▸ EXERCISE AIM
Word for word, restate the lines from the one containing "First, grab the" through the last line of the material, and include no pictures.

▸ PROVIDED DATA
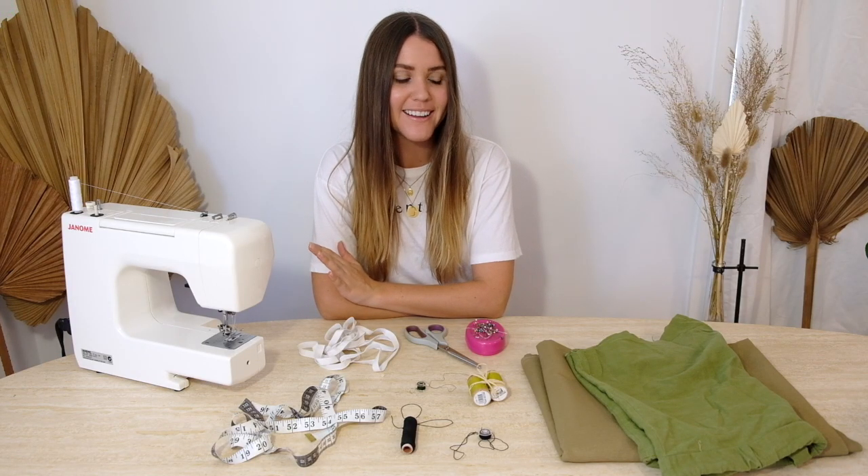Hello and welcome back to The Essentials Club. I'm Maddie and today I am so excited to take you through this tutorial. I've been dreaming up this piece for a while now and I cannot wait to bring it to life and show you through the steps of how to make it for yourself. It's going to be a really cute jumpsuit with a shirred section, some puff sleeves and then some gathered shorts at the bottom.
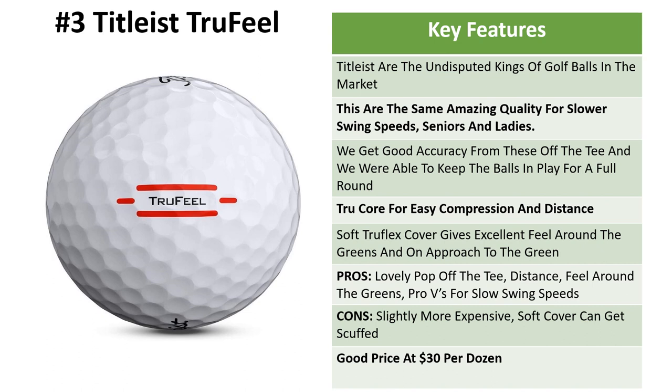We're getting a really nice pop off the tee with these — good distance, feel around the greens. It's basically a Pro V ball for slower swing speeds. Cons: they're slightly more expensive than the other golf balls on this list. If you play a course where you can keep the ball in play that's going to be an advantage, though the soft cover can get scuffed a little more easily than a Pro V1. They are good value at $30 per dozen.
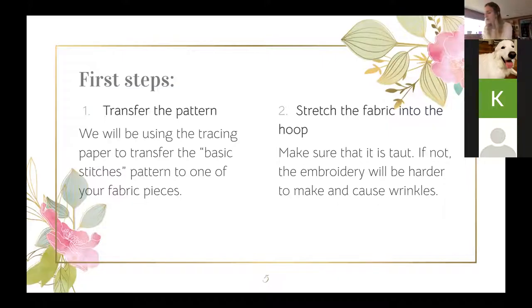First, grab the basic patterns sheet and one piece of fabric. If you have white fabric, you might want to start with that — it's a little more stiff. I'm using the thinner muslin fabric. We're going to try to transfer the pattern. The transfer can be a little tough. The only thing I did not provide is a pencil, so go find one. If you don't have a pencil, you can try to free sketch. If you're using the thinner fabric, you can see it's see-through, so you can trace on top of it if your light is good.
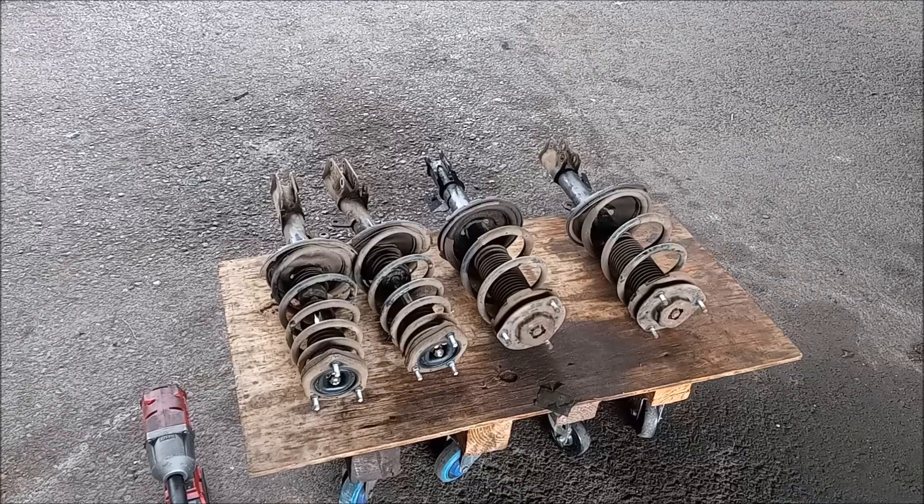We are looking at a set of four strut assemblies that came off a Toyota Highlander — two front struts, two rear struts. People always ask me, how do you know when the struts need replacement? Keep watching and I'll tell you how you can tell whether the struts still have any life left in them or not.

▸ EXERCISE RESULT
First, grab the basic patterns sheet and one piece of fabric. If you have white fabric, you might want to start with that — it's a little more stiff. I'm using the thinner muslin fabric. We're going to try to transfer the pattern. The transfer can be a little tough. The only thing I did not provide is a pencil, so go find one. If you don't have a pencil, you can try to free sketch. If you're using the thinner fabric, you can see it's see-through, so you can trace on top of it if your light is good.
We are looking at a set of four strut assemblies that came off a Toyota Highlander — two front struts, two rear struts. People always ask me, how do you know when the struts need replacement? Keep watching and I'll tell you how you can tell whether the struts still have any life left in them or not.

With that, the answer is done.